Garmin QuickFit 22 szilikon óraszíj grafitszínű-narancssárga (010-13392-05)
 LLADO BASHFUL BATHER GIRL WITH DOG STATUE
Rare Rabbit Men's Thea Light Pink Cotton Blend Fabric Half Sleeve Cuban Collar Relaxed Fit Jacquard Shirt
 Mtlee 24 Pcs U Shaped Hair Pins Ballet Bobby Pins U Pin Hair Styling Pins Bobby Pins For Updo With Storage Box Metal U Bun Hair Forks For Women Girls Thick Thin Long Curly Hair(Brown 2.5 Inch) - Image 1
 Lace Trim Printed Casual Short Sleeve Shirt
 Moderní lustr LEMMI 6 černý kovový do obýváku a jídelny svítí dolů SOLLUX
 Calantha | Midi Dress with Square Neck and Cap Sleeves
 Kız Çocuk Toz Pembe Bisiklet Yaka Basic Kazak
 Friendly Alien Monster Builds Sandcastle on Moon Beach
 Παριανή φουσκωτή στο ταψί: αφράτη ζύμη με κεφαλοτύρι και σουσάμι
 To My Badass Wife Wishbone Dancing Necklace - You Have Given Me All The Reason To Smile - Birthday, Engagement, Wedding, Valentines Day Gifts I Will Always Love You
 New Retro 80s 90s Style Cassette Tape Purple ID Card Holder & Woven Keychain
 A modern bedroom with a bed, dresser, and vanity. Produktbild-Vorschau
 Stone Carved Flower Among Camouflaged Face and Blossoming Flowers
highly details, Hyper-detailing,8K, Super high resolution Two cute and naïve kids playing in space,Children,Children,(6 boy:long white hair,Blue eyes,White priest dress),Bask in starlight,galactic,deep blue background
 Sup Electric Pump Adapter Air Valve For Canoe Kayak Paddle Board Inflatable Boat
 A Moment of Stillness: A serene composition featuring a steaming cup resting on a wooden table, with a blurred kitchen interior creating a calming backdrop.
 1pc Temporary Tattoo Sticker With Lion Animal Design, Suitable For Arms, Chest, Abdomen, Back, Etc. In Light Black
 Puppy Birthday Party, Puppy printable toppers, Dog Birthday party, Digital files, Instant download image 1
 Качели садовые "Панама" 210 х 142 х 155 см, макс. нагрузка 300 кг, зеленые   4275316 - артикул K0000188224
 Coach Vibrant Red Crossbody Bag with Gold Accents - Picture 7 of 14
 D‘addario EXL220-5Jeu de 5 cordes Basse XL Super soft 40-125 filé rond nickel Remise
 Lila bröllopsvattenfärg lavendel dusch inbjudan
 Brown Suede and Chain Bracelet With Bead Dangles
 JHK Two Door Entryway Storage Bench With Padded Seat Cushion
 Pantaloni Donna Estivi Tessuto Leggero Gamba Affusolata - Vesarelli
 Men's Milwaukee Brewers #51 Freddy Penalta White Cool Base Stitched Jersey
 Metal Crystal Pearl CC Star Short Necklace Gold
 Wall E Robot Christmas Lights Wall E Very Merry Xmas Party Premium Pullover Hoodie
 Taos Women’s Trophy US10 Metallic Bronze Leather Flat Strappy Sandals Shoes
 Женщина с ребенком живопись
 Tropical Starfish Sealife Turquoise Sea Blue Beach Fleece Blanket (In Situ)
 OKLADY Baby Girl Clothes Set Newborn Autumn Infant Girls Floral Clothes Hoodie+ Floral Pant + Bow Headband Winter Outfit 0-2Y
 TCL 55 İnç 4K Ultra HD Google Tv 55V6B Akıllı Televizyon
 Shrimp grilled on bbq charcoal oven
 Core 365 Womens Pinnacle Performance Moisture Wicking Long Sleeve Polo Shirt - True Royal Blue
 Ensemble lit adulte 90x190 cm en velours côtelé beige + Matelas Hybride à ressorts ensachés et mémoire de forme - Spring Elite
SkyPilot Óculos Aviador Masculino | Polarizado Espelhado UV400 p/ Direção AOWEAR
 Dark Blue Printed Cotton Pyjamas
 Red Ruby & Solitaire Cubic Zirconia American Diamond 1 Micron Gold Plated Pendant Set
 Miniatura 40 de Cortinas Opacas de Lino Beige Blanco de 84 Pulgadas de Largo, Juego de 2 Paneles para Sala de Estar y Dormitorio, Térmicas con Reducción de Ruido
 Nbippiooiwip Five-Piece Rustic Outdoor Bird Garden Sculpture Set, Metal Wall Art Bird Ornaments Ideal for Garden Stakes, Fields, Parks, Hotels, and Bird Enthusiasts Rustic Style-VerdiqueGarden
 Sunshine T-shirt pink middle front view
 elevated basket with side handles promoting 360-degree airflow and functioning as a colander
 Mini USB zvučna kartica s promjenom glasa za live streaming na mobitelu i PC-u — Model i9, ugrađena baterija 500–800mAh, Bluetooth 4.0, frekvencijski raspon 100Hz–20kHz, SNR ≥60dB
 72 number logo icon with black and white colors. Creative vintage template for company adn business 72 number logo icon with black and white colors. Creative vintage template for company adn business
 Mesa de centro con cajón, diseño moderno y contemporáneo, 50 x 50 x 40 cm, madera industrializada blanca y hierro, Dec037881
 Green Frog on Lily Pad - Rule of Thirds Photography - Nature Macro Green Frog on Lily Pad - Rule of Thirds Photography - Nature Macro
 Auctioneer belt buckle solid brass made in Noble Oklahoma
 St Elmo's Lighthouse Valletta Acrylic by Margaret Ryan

**ASSIGNMENT**
Both end lines included, restate word for word the lines above from the line with "Pantaloni Donna Estivi" to the line with "adn business 72", and nothing else.

**TASK ANSWER**
 Pantaloni Donna Estivi Tessuto Leggero Gamba Affusolata - Vesarelli
 Men's Milwaukee Brewers #51 Freddy Penalta White Cool Base Stitched Jersey
 Metal Crystal Pearl CC Star Short Necklace Gold
 Wall E Robot Christmas Lights Wall E Very Merry Xmas Party Premium Pullover Hoodie
 Taos Women’s Trophy US10 Metallic Bronze Leather Flat Strappy Sandals Shoes
 Женщина с ребенком живопись
 Tropical Starfish Sealife Turquoise Sea Blue Beach Fleece Blanket (In Situ)
 OKLADY Baby Girl Clothes Set Newborn Autumn Infant Girls Floral Clothes Hoodie+ Floral Pant + Bow Headband Winter Outfit 0-2Y
 TCL 55 İnç 4K Ultra HD Google Tv 55V6B Akıllı Televizyon
 Shrimp grilled on bbq charcoal oven
 Core 365 Womens Pinnacle Performance Moisture Wicking Long Sleeve Polo Shirt - True Royal Blue
 Ensemble lit adulte 90x190 cm en velours côtelé beige + Matelas Hybride à ressorts ensachés et mémoire de forme - Spring Elite
SkyPilot Óculos Aviador Masculino | Polarizado Espelhado UV400 p/ Direção AOWEAR
 Dark Blue Printed Cotton Pyjamas
 Red Ruby & Solitaire Cubic Zirconia American Diamond 1 Micron Gold Plated Pendant Set
 Miniatura 40 de Cortinas Opacas de Lino Beige Blanco de 84 Pulgadas de Largo, Juego de 2 Paneles para Sala de Estar y Dormitorio, Térmicas con Reducción de Ruido
 Nbippiooiwip Five-Piece Rustic Outdoor Bird Garden Sculpture Set, Metal Wall Art Bird Ornaments Ideal for Garden Stakes, Fields, Parks, Hotels, and Bird Enthusiasts Rustic Style-VerdiqueGarden
 Sunshine T-shirt pink middle front view
 elevated basket with side handles promoting 360-degree airflow and functioning as a colander
 Mini USB zvučna kartica s promjenom glasa za live streaming na mobitelu i PC-u — Model i9, ugrađena baterija 500–800mAh, Bluetooth 4.0, frekvencijski raspon 100Hz–20kHz, SNR ≥60dB
 72 number logo icon with black and white colors. Creative vintage template for company adn business 72 number logo icon with black and white colors. Creative vintage template for company adn business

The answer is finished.